I experience three major pitfalls repeatedly when designing statistical / machine learning models for data-driven systems.
not knowing the business value and definition of good
selecting wrong or biased information
designing models which are too complex and costly to maintain
In the following, I will only focus on the selection bias problem.
Machine learning systems and as well humans drive the learning through iterations with data/information. The quality, amount, preparation, and selection of data are critical to a machine learning solution’s success.
One famous statement in machine learning is garbage in will lead to garbage out. Of course, I fully agree with this statement. However, often it is not clear what garbage is.
There are obvious issues related to data quality problems, like missing data or outliers even before we can judge the quality of data. We have to select a representative data set linked to your business application.
Any AI engine and as well every statistic calculates on the seen datasets. However, every underlying dataset is the product of human decisions. Human biases occur within the selection and curation of data, which will show up in AI systems’ outputs.
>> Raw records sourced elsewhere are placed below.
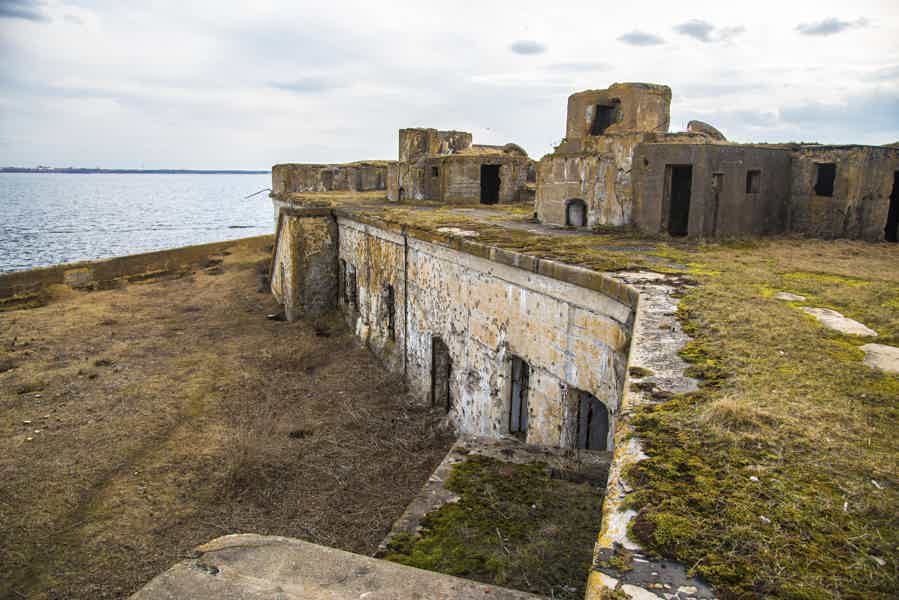 Прогулка к форту Обручев на катере - фото 5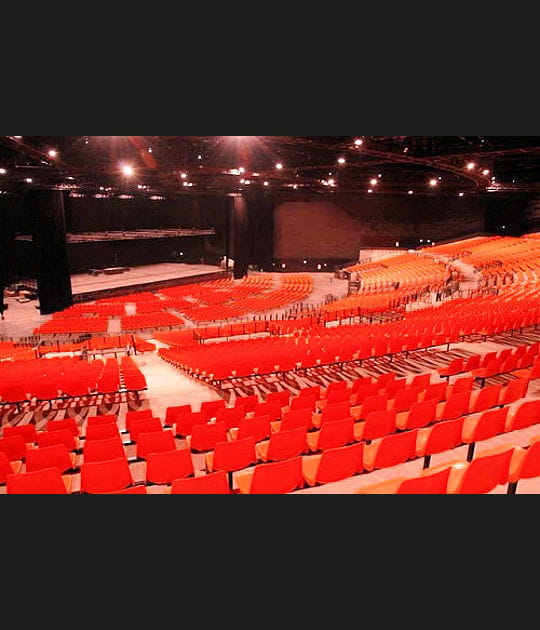 Jusqu'&agrave; 10&nbsp;000&nbsp;spectateurs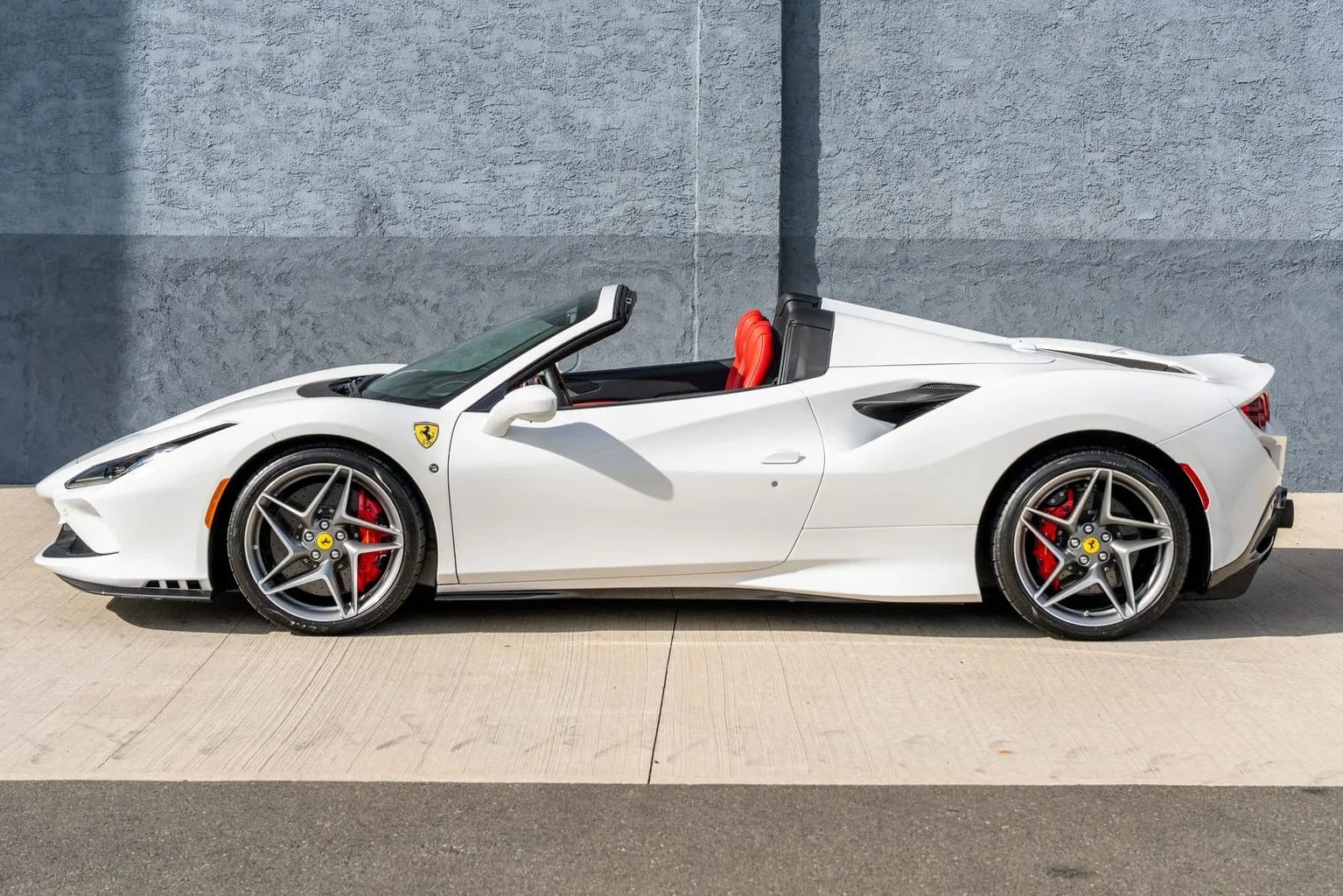 1,400-Mile 2023 Ferrari F8 Spider photo 3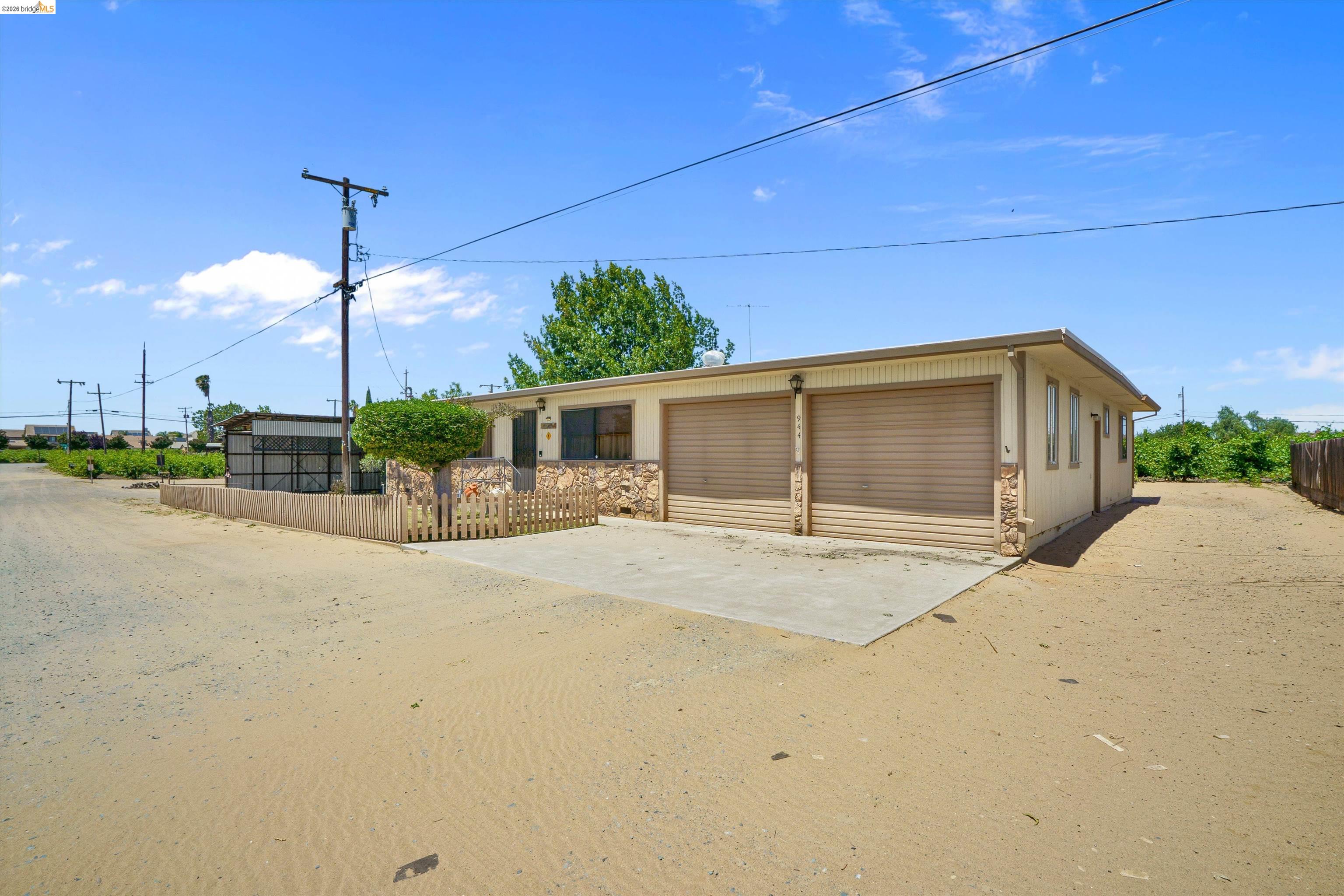 944 Sherman Ln, Oakley CA 94561 — photo 2
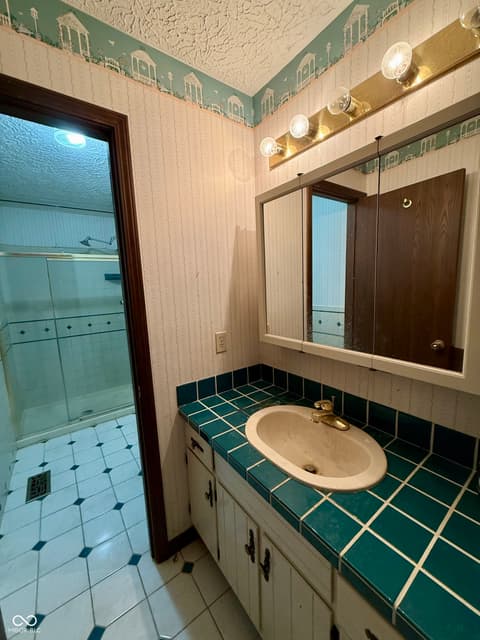 Photo of 2 Holmes Court, Greenfield, IN
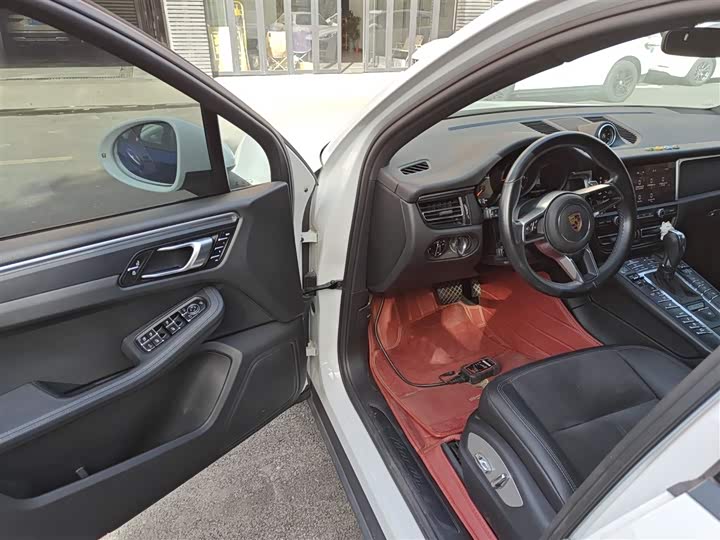 Фото 13 - Porsche Macan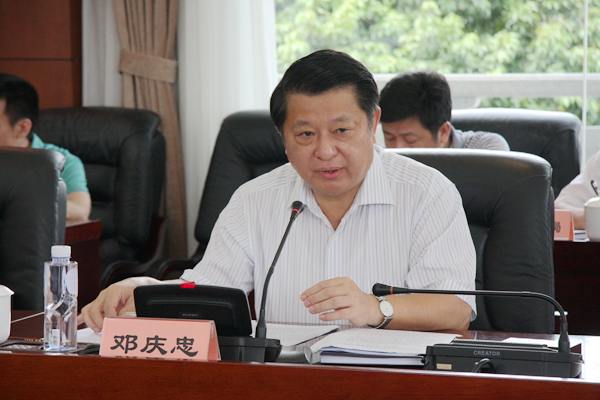 邓庆忠副市长代表市政府汇报工作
The video summarises an AI inclusion problem; it shows the biased output concerning the search term ‚family ‘.
From a society or ethical perspective, it is a significant problem, often summarized as an AI inclusion problem. Note that the term AI inclusion many different aspects are typically discussed around development, social impact, policy implications, and legal issues concerning AI systems, see, e.g., aiandinclusion
Technically speaking, what happens in this video is a selection bias problem.
Selection bias occurs when the samples used to produce the model are not fully representative of cases that the model may use in the future. The selection bias comes not only within AI systems; it lies in the heart of any statistical evaluation.
In a data-driven world, automated processes and decisions are based on statistical models. Thus, a basic understanding of statistics is mandatory to judge critically on results and outputs.
I realize a strong wish towards content featuring deep learning systems in my current data science lecture class.
However, we have to teach the basics first before going fast into modeling. Within our data science education programs, we have to focus more on statistics and thus the judgment of AI systems instead of teaching fancy algorithms.
What do you think — explicitly teaching the topic selection bias — would it help tackle the bigger AI inclusion problem?